What to work on. Only an exact copy is wanted: the lines from the one holding "Chevrolet Malibu Fwd 1lt Image 16" through the last line below, minus the pictures.

Provided data.
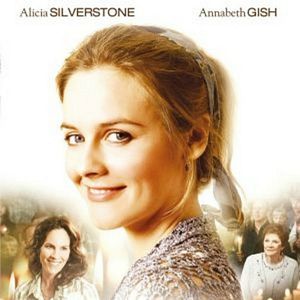 Bilder Licht der Hoffnung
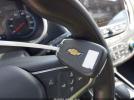 Chevrolet Malibu Fwd 1lt Image 16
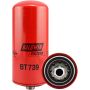 BALDWIN FILTERS BT739 Transmission Spin-on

Expected answer.
 Chevrolet Malibu Fwd 1lt Image 16
 BALDWIN FILTERS BT739 Transmission Spin-on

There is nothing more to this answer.